An exhibit to the presentment refers to artifacts seized and catalogued at Two Penn Center, and Roxbury News had also previously published footage of investigators delivering artifacts from Reed’s Cumberland street home to the facility.

A spokesman for the attorney general’s office said Tuesday that it was also his understanding that the uptown facility was where artifacts were stored.

The presentment also claimed the building’s owners provided the space for Reed’s “personal and exclusive use” rent-free, as an “accommodation and out of respect for the former mayor.”

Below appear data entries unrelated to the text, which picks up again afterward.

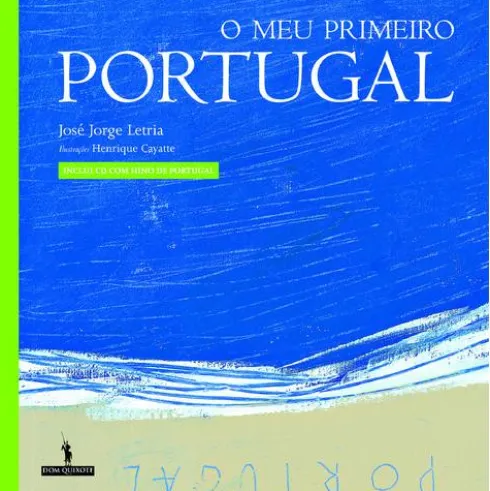 O Meu Primeiro Portugal de José Jorge Letria
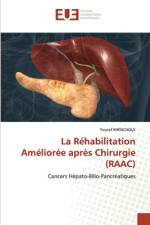 La Réhabilitation Améliorée après Chirurgie (RAAC) af Youcef Khenchoul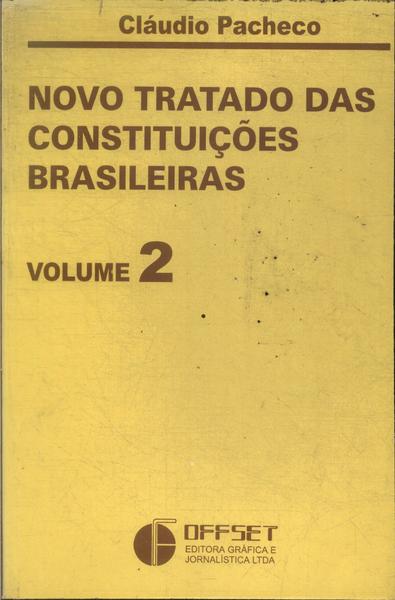 Novo Tratado Das Constituições Brasileiras Vol 2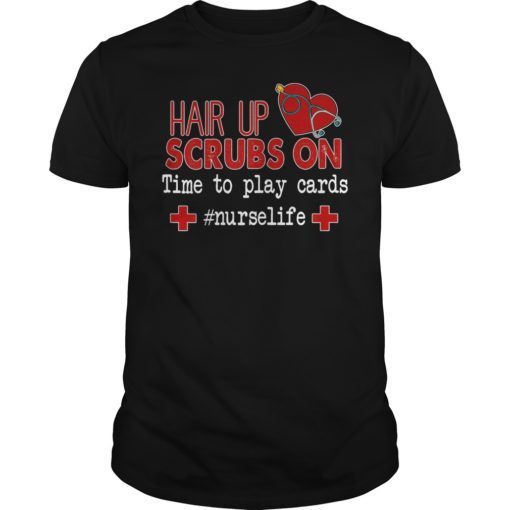 Hair Up Scrubs On Time To Play Cards Nurse Life TShirt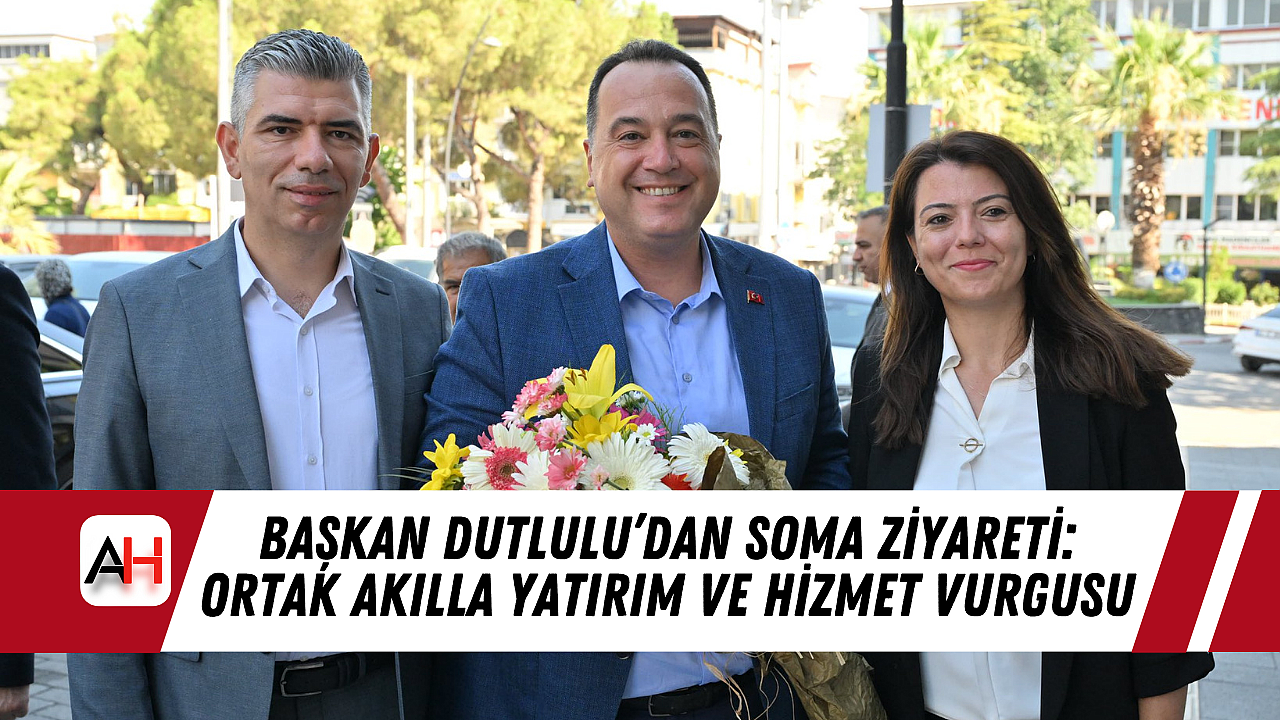 Başkan Dutlulu’dan Soma Ziyareti: Ortak Akılla Yatırım ve Hizmet Vurgusu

Morris is the co-founder of Penncorp Service Group, a downtown firm specializing in document retrieval and filing. He has worked extensively in state government, as counsel for former Gov. Milton Shapp and as deputy state attorney general for major litigation, according to a biography on the company website.

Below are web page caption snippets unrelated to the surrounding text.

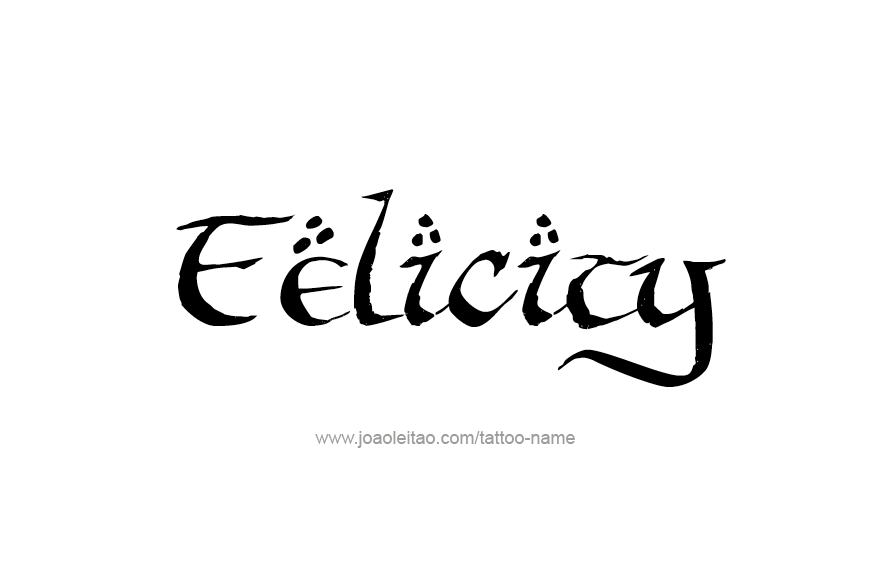 Tattoo Design Name Felicity   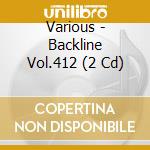 Various - Backline Vol.412 (2 Cd) cd
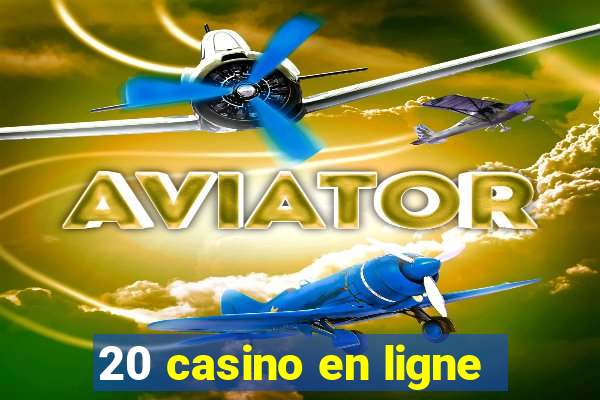 20 casino en ligne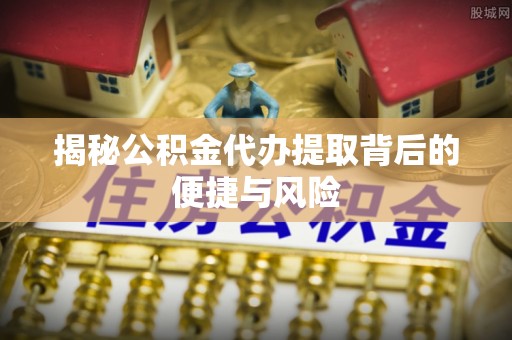 宿豫揭秘公积金代办提取背后的便捷与风险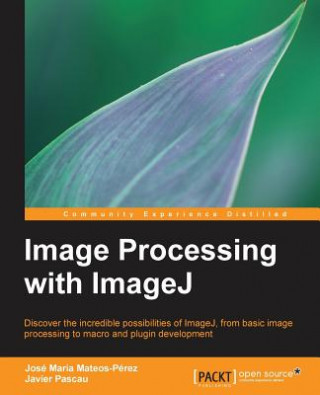Книга Image Processing with ImageJ Javier Pascau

He and Daley told the Patriot-News in 2001 that they planned to purchase the campus from PinnacleHealth, which had acquired it upon merging with Polyclinic in the mid-1990s, and develop it into a business park.

The presentment, which does not name Morris or Daley, described how agents searched the property and “found artifacts and collectibles of every description” along with documents and other objects, “piled from the floor to the ceiling.”

Reed told investigators the stored objects were all his personal possessions, aside from a few that may have been “inadvertently” brought there by city employees, the presentment said.

But prosecutors found that explanation “wholly incredible,” particularly after they started to compare an inventory of city-bought artifacts with the ones recovered from the storage facility and from a raid on Reed’s home.

The inventory process, which prosecutors said is ongoing, has so far identified city-bought artifacts in Reed’s collection with a purchase value totaling more than $120,000.

Jurors therefore concluded that Reed had “created in this suite of rooms a veritable treasure house comprising quite literally thousands of items which belonged to the people of the city of Harrisburg,” the presentment said.